**Action item**
The expected output is an exact restatement of all the records.
Top of Given information
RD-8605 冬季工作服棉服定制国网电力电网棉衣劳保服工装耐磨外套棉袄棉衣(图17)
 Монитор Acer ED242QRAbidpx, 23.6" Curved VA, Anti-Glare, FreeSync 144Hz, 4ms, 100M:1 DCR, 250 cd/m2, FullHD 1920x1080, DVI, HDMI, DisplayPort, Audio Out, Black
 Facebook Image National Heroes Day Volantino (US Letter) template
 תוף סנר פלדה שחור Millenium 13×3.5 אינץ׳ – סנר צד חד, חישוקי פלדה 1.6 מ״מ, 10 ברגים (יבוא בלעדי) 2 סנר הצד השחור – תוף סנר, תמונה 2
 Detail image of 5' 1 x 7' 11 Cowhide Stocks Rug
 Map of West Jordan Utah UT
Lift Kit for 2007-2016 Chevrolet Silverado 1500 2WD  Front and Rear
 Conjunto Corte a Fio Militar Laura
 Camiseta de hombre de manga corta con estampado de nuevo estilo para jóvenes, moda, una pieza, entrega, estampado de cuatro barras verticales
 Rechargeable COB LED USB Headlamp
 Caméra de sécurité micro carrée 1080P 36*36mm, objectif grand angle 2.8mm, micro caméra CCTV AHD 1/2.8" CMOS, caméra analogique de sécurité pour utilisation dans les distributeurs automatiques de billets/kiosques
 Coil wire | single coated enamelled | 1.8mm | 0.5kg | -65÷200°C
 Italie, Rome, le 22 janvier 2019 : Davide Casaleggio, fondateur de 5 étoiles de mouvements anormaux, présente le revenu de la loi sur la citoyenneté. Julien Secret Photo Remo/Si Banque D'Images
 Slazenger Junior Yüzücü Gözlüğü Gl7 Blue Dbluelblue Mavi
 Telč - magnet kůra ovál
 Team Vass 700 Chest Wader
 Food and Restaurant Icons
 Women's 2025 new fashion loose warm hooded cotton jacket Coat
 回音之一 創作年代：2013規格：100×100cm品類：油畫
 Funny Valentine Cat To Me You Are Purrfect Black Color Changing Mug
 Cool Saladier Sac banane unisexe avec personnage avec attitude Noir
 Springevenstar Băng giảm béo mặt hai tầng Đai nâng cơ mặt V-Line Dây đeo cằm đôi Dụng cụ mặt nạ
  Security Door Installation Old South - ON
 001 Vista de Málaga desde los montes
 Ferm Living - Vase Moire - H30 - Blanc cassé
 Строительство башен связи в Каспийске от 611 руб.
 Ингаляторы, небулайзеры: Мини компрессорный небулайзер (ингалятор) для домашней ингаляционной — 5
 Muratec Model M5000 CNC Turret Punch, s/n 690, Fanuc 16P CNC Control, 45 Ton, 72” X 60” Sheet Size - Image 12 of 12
Bottom of Given information
**Expected answer**
RD-8605 冬季工作服棉服定制国网电力电网棉衣劳保服工装耐磨外套棉袄棉衣(图17)
 Монитор Acer ED242QRAbidpx, 23.6" Curved VA, Anti-Glare, FreeSync 144Hz, 4ms, 100M:1 DCR, 250 cd/m2, FullHD 1920x1080, DVI, HDMI, DisplayPort, Audio Out, Black
 Facebook Image National Heroes Day Volantino (US Letter) template
 תוף סנר פלדה שחור Millenium 13×3.5 אינץ׳ – סנר צד חד, חישוקי פלדה 1.6 מ״מ, 10 ברגים (יבוא בלעדי) 2 סנר הצד השחור – תוף סנר, תמונה 2
 Detail image of 5' 1 x 7' 11 Cowhide Stocks Rug
 Map of West Jordan Utah UT
Lift Kit for 2007-2016 Chevrolet Silverado 1500 2WD  Front and Rear
 Conjunto Corte a Fio Militar Laura
 Camiseta de hombre de manga corta con estampado de nuevo estilo para jóvenes, moda, una pieza, entrega, estampado de cuatro barras verticales
 Rechargeable COB LED USB Headlamp
 Caméra de sécurité micro carrée 1080P 36*36mm, objectif grand angle 2.8mm, micro caméra CCTV AHD 1/2.8" CMOS, caméra analogique de sécurité pour utilisation dans les distributeurs automatiques de billets/kiosques
 Coil wire | single coated enamelled | 1.8mm | 0.5kg | -65÷200°C
 Italie, Rome, le 22 janvier 2019 : Davide Casaleggio, fondateur de 5 étoiles de mouvements anormaux, présente le revenu de la loi sur la citoyenneté. Julien Secret Photo Remo/Si Banque D'Images
 Slazenger Junior Yüzücü Gözlüğü Gl7 Blue Dbluelblue Mavi
 Telč - magnet kůra ovál
 Team Vass 700 Chest Wader
 Food and Restaurant Icons
 Women's 2025 new fashion loose warm hooded cotton jacket Coat
 回音之一 創作年代：2013規格：100×100cm品類：油畫
 Funny Valentine Cat To Me You Are Purrfect Black Color Changing Mug
 Cool Saladier Sac banane unisexe avec personnage avec attitude Noir
 Springevenstar Băng giảm béo mặt hai tầng Đai nâng cơ mặt V-Line Dây đeo cằm đôi Dụng cụ mặt nạ
  Security Door Installation Old South - ON
 001 Vista de Málaga desde los montes
 Ferm Living - Vase Moire - H30 - Blanc cassé
 Строительство башен связи в Каспийске от 611 руб.
 Ингаляторы, небулайзеры: Мини компрессорный небулайзер (ингалятор) для домашней ингаляционной — 5
 Muratec Model M5000 CNC Turret Punch, s/n 690, Fanuc 16P CNC Control, 45 Ton, 72” X 60” Sheet Size - Image 12 of 12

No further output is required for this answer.